● Task requirements:
Return all of the records below verbatim.

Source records

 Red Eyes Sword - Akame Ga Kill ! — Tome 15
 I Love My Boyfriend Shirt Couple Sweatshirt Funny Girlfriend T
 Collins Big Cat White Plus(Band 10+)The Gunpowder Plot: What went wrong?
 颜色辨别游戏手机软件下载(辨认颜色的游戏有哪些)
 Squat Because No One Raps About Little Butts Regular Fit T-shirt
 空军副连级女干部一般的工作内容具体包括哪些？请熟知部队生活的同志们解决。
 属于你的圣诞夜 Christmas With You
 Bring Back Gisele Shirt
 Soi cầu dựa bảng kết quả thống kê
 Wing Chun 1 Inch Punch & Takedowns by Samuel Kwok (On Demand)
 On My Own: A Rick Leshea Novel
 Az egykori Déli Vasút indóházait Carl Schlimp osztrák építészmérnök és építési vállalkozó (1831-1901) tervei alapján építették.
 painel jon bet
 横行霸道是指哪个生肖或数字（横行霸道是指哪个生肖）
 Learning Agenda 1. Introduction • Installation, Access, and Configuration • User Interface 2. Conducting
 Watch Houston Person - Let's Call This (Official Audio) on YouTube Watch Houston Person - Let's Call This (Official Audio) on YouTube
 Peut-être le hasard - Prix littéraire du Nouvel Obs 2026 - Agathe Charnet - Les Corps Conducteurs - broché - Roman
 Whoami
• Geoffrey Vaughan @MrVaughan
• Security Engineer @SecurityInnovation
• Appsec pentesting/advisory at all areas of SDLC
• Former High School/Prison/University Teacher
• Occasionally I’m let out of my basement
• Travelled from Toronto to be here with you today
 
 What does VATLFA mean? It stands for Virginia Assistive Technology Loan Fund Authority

● Exercise solution:
 Red Eyes Sword - Akame Ga Kill ! — Tome 15
 I Love My Boyfriend Shirt Couple Sweatshirt Funny Girlfriend T
 Collins Big Cat White Plus(Band 10+)The Gunpowder Plot: What went wrong?
 颜色辨别游戏手机软件下载(辨认颜色的游戏有哪些)
 Squat Because No One Raps About Little Butts Regular Fit T-shirt
 空军副连级女干部一般的工作内容具体包括哪些？请熟知部队生活的同志们解决。
 属于你的圣诞夜 Christmas With You
 Bring Back Gisele Shirt
 Soi cầu dựa bảng kết quả thống kê
 Wing Chun 1 Inch Punch & Takedowns by Samuel Kwok (On Demand)
 On My Own: A Rick Leshea Novel
 Az egykori Déli Vasút indóházait Carl Schlimp osztrák építészmérnök és építési vállalkozó (1831-1901) tervei alapján építették.
 painel jon bet
 横行霸道是指哪个生肖或数字（横行霸道是指哪个生肖）
 Learning Agenda 1. Introduction • Installation, Access, and Configuration • User Interface 2. Conducting
 Watch Houston Person - Let's Call This (Official Audio) on YouTube Watch Houston Person - Let's Call This (Official Audio) on YouTube
 Peut-être le hasard - Prix littéraire du Nouvel Obs 2026 - Agathe Charnet - Les Corps Conducteurs - broché - Roman
 Whoami
• Geoffrey Vaughan @MrVaughan
• Security Engineer @SecurityInnovation
• Appsec pentesting/advisory at all areas of SDLC
• Former High School/Prison/University Teacher
• Occasionally I’m let out of my basement
• Travelled from Toronto to be here with you today
 
 What does VATLFA mean? It stands for Virginia Assistive Technology Loan Fund Authority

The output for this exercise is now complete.